Et si la RDC interdisait l’exportation des grumes ?

Ce ne sera pas pour la première fois que la RDC prendrait une telle mesure.  En 2002, Laurent Désiré Kabila, président de la République, avait pris une mesure interdisant l’exportation des grumes.  Les autorités de l’époque avaient justifié cette mesure pour endiguer « la fraude massive » constatée dans le secteur et par la nécessité d’y remettre de l’ordre.  Une commission de l’industrie du bois réunissant les exploitants forestiers et les experts ministériels avait été mise en place.  L’objectif était de trouver les voies et moyens pour rentabiliser et jeter les bases de l’industrialisation du bois. Plus d’une trentaine d’entreprises forestières avaient été ainsi frappées par cette mesure.

La Fédération des entreprises du Congo (FEC), le patronat national, avait adressé une série de propositions au gouvernement pour une meilleure exploitation des ressources forestières.  Elle suggérait « de procéder à la réforme de la fiscalité du secteur afin de le rendre plus incitatif, de promulguer une loi sur l’exploitation forestière et d’en prendre des mesures d’application ».

Après deux mois, asphyxié par les dépenses liées à la guerre contre la rébellion à l’Est du pays, le gouvernement est revenu sur cette mesure en l’annulant purement et simplement. Félicitant le gouvernement pour la levée de cette mesure, un dirigeant d’une grande entreprise forestière estimait que « la  poursuite de cette interdiction aurait entraîné l’arrêt de toutes les usines de fabrication des produits ligneux, la faillite généralisée du secteur et l’ébranlement de la confiance des acheteurs extérieurs et d’autres secteurs liés à l’exportation du bois ».

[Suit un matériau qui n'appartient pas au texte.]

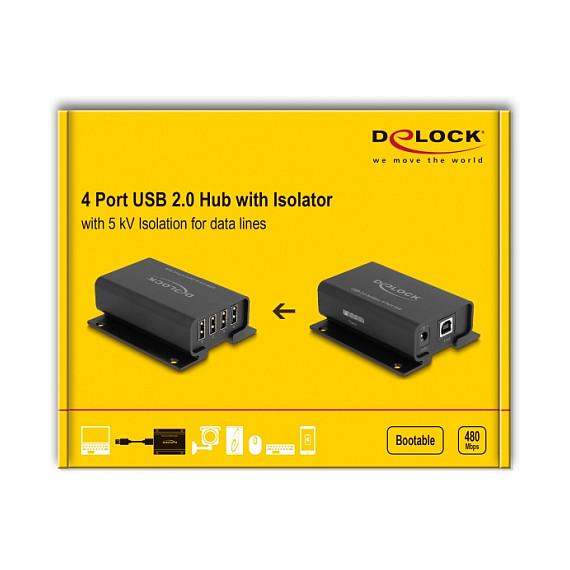Hub USB DeLOCK 64226 / USB 2.0 / 4x USB-A / Izolim 5 kV / 480 Mbit/s / USB-B / Montim DIN Rail - Zezë - 4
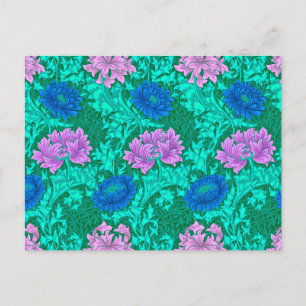 William Morris Chrysanthemums, Aqua and Violet Vykort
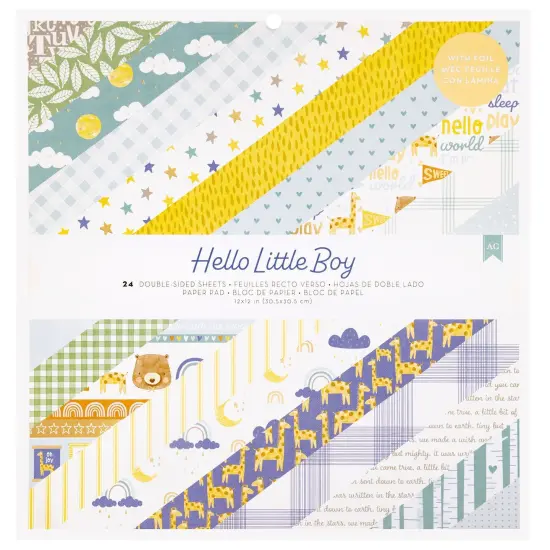American Crafts Double-Sided Paper Pad 12"X12" 24/Pkg-Gold Foil, Hello Little Boy {1}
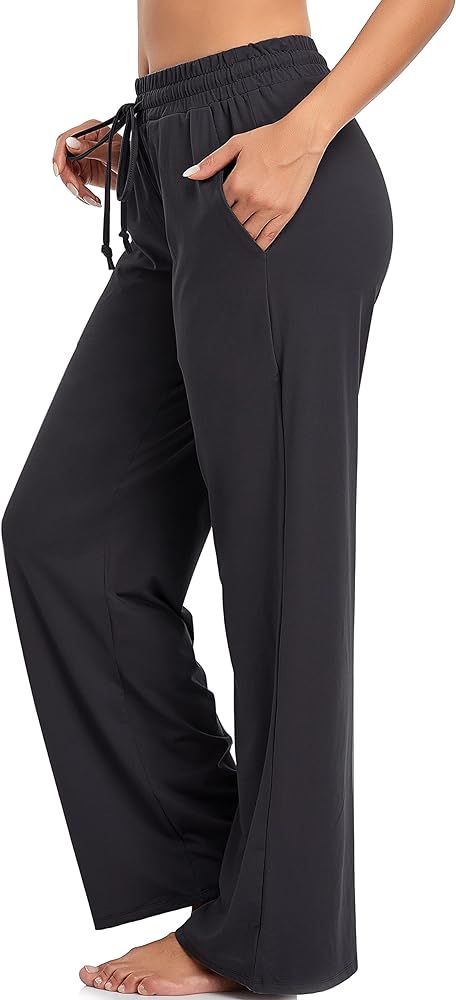 ADANIKI Sweatpants Women Yoga Pants with Pockets for Women Pajamas Work Pants Wide Leg Drawstring... | Amazon (US)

Ce même cadre, était d’avis que « la prolongation de cette mesure aurait mis en chômage près de dix mille travailleurs.  Etant donné que les sociétés forestières étaient presque les seules qui donnaient du travail dans l’arrière-pays, la fermeture des usines et chantiers auraient causé l’enclavement des zones reculées du pays accessibles par les routes aménagées par ces sociétés, avait-il indiqué.

Enfin, une chance pour la RDC

La forêt a encore une belle perspective devant elle.  Le rapport final (2012) de l’Observatoire indépendant de la mise en application de la gouvernance (OI-FLEG) en RDC, constate que « le niveau de déforestation reste relativement  limité en comparaison à l’échelle mondiale ».  La RDC a, pour ce faire, « une chance historique inédite pour réussir l’équation que d’autres n’ont pas pu réussir, notamment conserver sa biodiversité sur de très grandes surfaces, garantir les droits des communautés et générer de la richesse, de l’emploi et de fortes recettes fiscales, moteur du développement ».

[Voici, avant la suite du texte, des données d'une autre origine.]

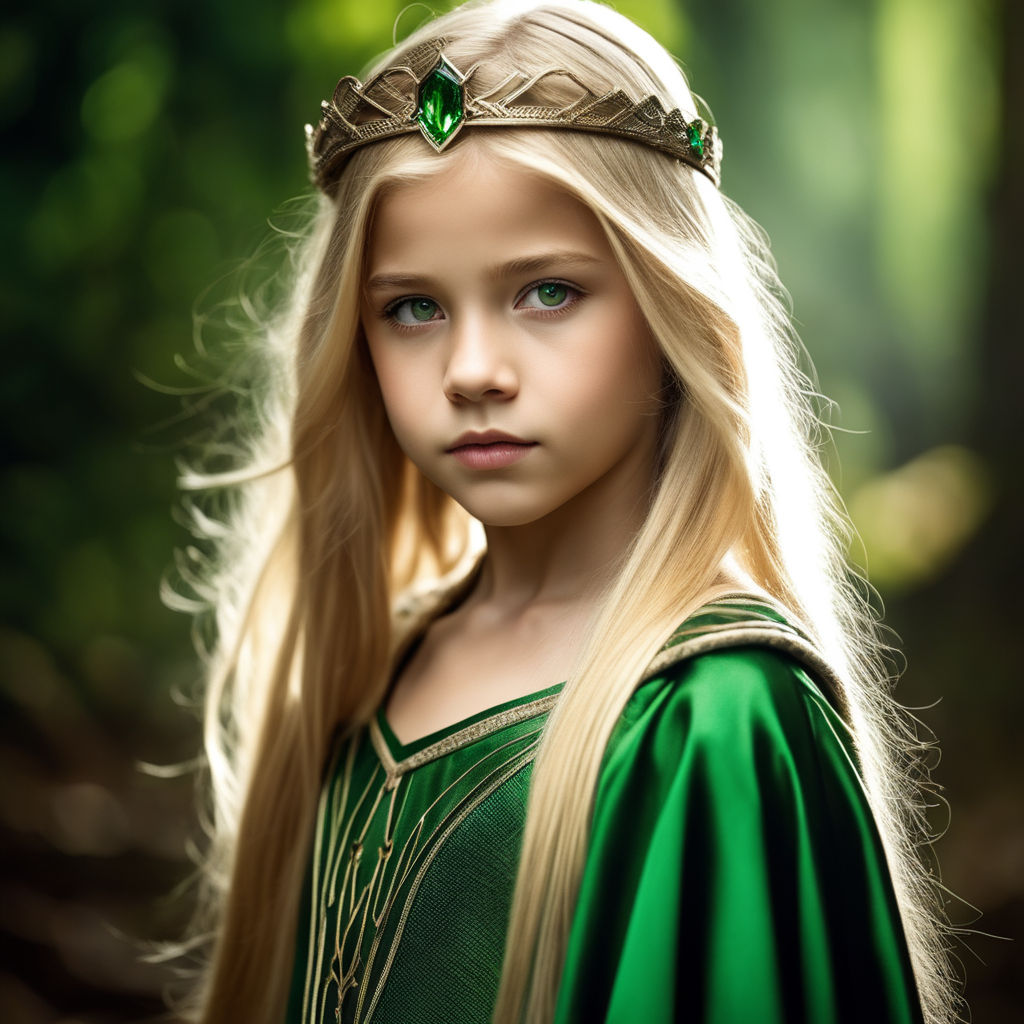 little girl with blonde hair and green eyes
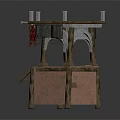 Medieval Wooden Torture Device With Metal Candlesticks Striped Platform And Chains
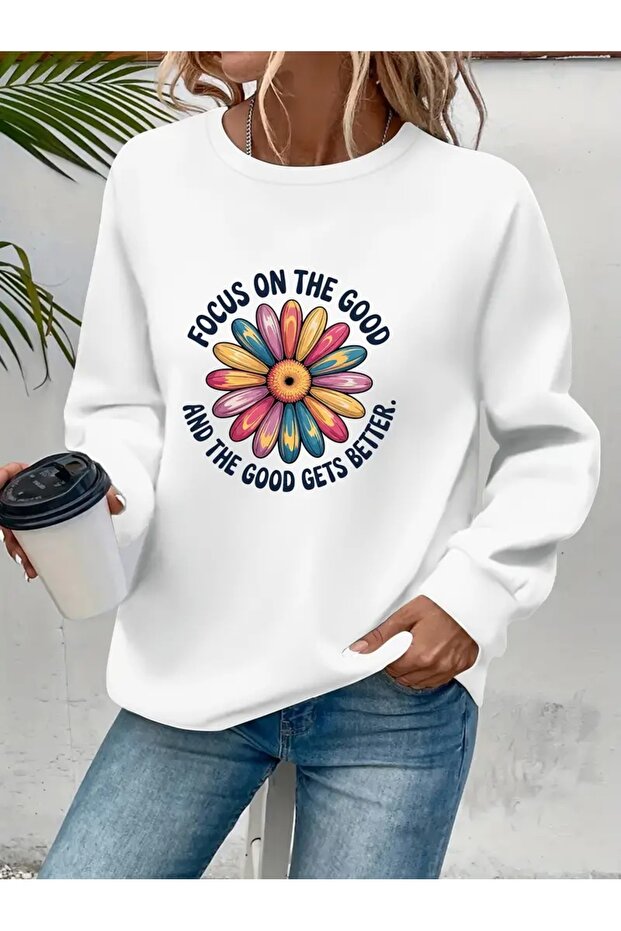 Printed Circular Neck Oversize Three-Thread Ribbed Sweatshirt
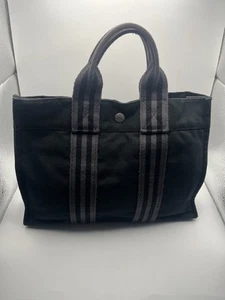 HERMES Black Gray Fourre Tout MM Small Canvas Tote Bag Purse USED - Picture 1 of 10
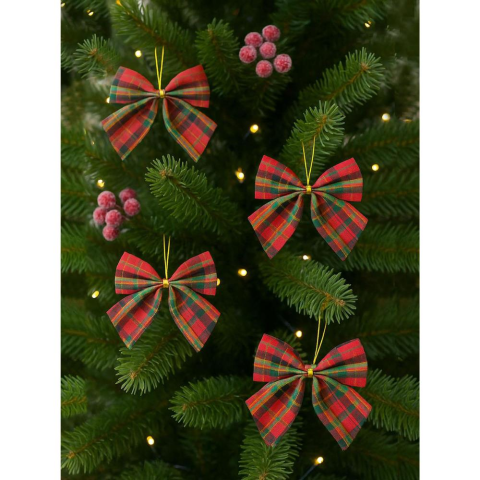 Yılbaşı Ağaç Süsü Dekoratif Ekose Kurdele Fiyonk Kırmızı Yeşil 8 cm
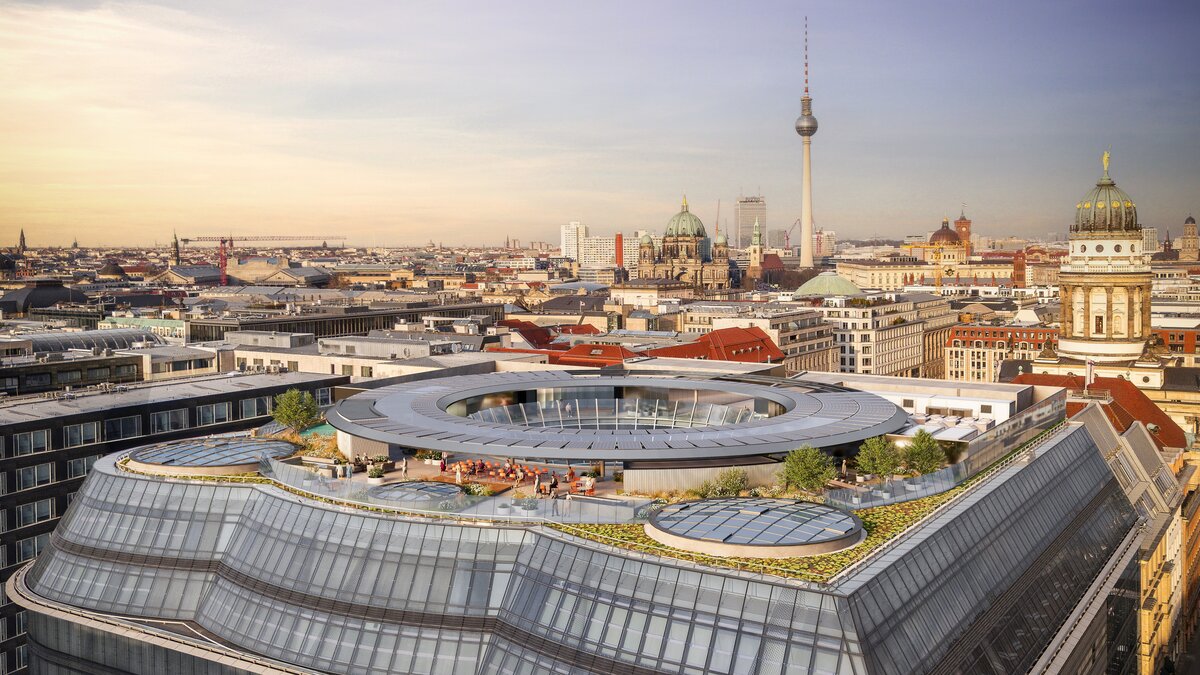 Visualisierung des Gebäudes nach Fertigstellung mit Aussicht auf die Dachterrasse und Blick auf Berlin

Ce rapport affirme que « l’expérience tirée d’autres pays de la sous-région indique que l’ouverture des forêts à l’exploitation industrielle conduit parfois à une déforestation massive du fait de l’absence d’un cadre strict relatif à leur exploitation et d’un manque de contrôle sur la durabilité de leur gestion et les retombées économiques et sociales ».

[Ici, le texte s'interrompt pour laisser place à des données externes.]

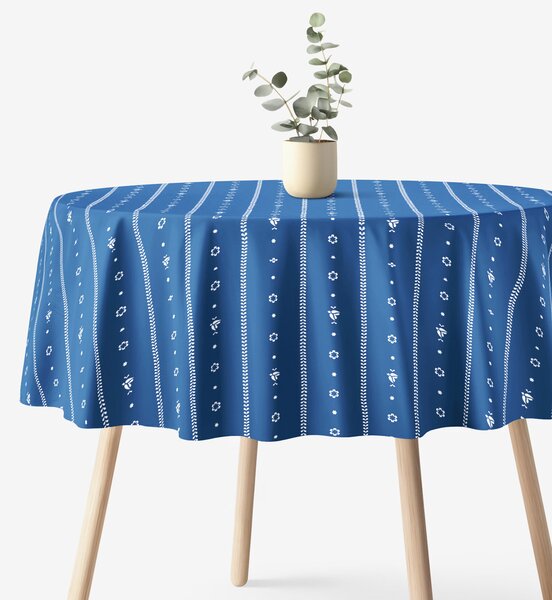 Goldea față de masă 100% bumbac - folclor albastru - rotundă Ø 120 cm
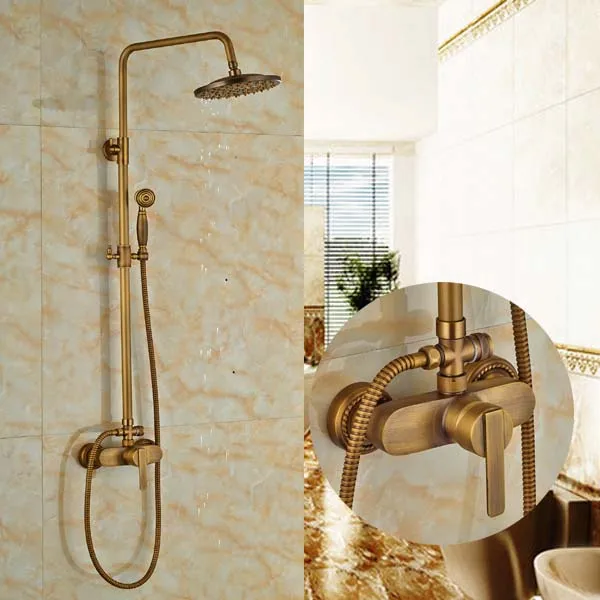 

Ceramic Style Wall Mounted Rainfall Shower Faucet Set with Telephone Handheld Head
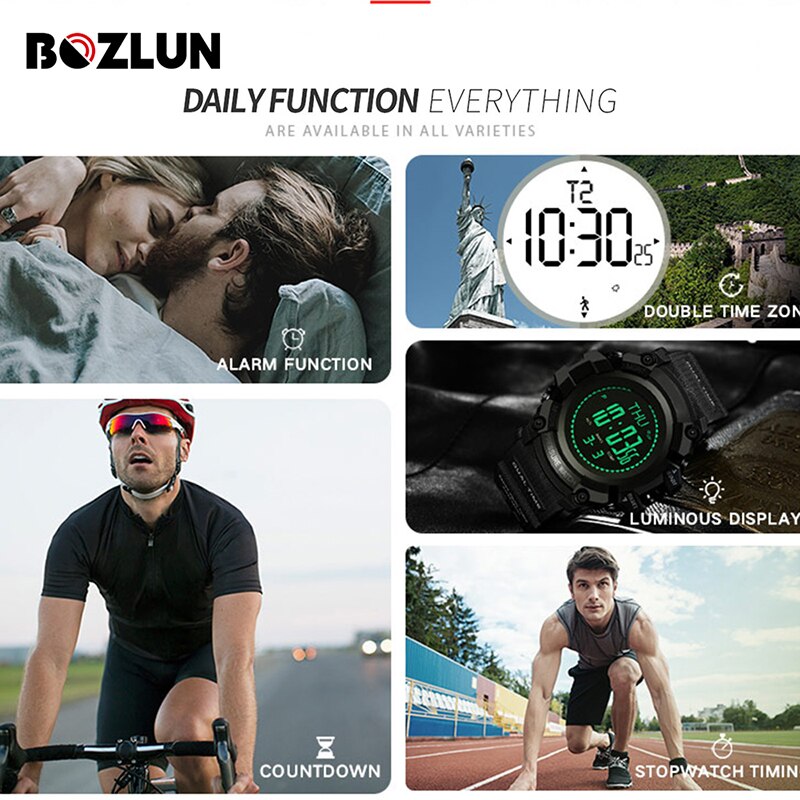 Bozlun-montre sport connectée pour hommes, multifonction, cadran 3atm, montre sportive, altimètre, thermomètre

Il importe donc que  « les décideurs  nationaux et les représentants de la communauté internationale trouvent des solutions politiques efficaces car, dans le cas contraire, les forêts de la RDC seront alors destinées au même avenir que celles des pays jadis forestiers, où les forêts ont été progressivement réduites et converties », souligne ce rapport.